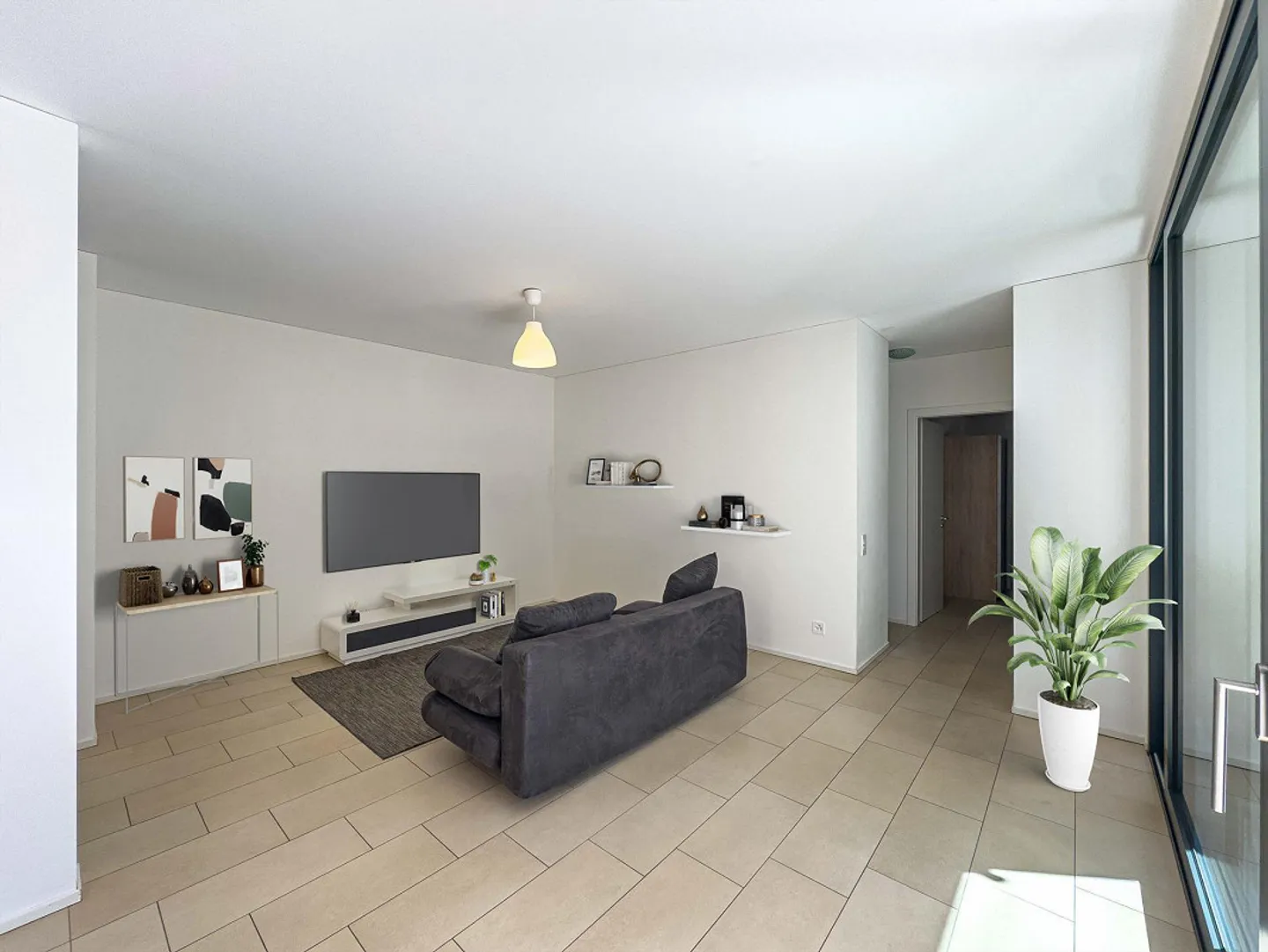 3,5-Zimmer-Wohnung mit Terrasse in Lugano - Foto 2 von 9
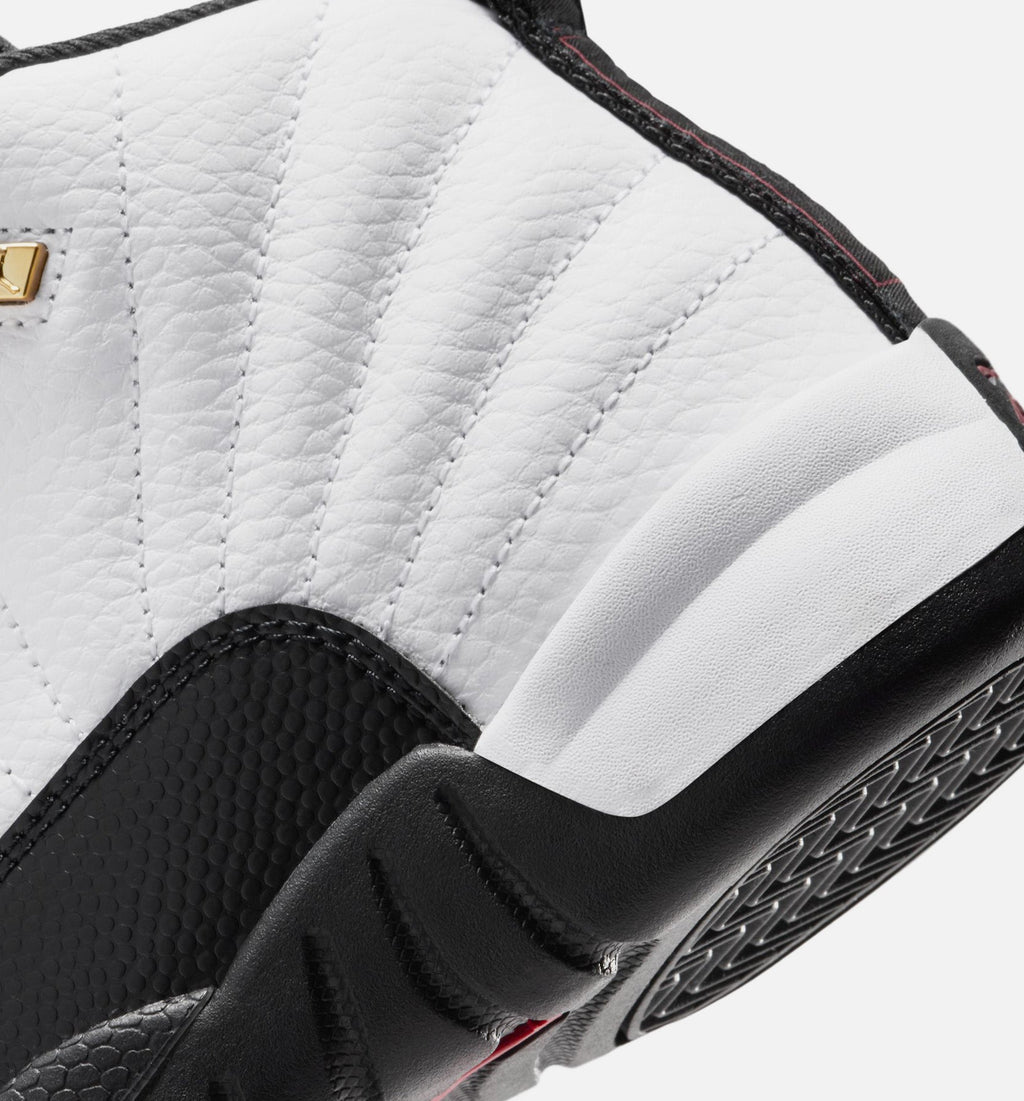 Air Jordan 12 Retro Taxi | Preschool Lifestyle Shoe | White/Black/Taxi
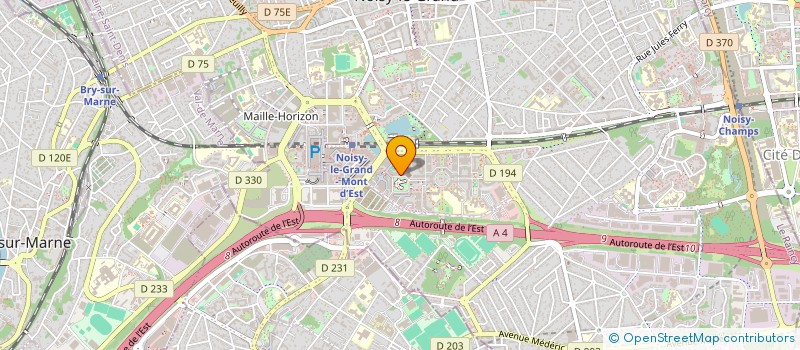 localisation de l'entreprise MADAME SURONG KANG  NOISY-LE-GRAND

- **ABOUT THIS TASK**:
Could you retype each line of the material above exactly, skipping the pictures?

- **TASK RESPONSE**:
 3,5-Zimmer-Wohnung mit Terrasse in Lugano - Foto 2 von 9
 Air Jordan 12 Retro Taxi | Preschool Lifestyle Shoe | White/Black/Taxi
 localisation de l'entreprise MADAME SURONG KANG  NOISY-LE-GRAND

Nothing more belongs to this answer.